REQUIRED WORK. With the pictures left out, restate exactly the part below that opens with the line containing "bambini de golfe" and closes with the line containing "Dominican Cultural Center".

EXCERPTED RECORDS.
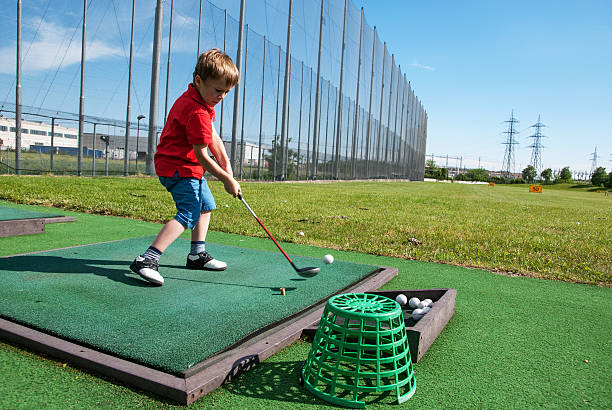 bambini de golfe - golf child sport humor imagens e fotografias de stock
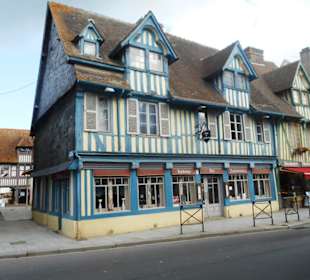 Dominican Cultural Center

---

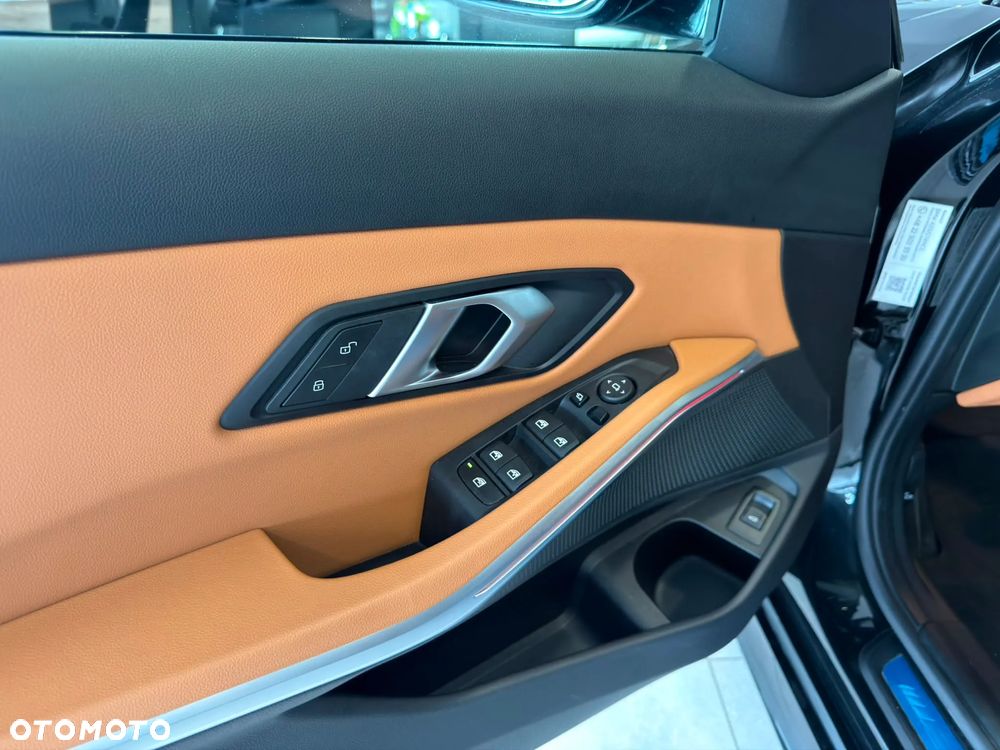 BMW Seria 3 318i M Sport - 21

REPLY TO THE EXERCISE.
 bambini de golfe - golf child sport humor imagens e fotografias de stock
 Dominican Cultural Center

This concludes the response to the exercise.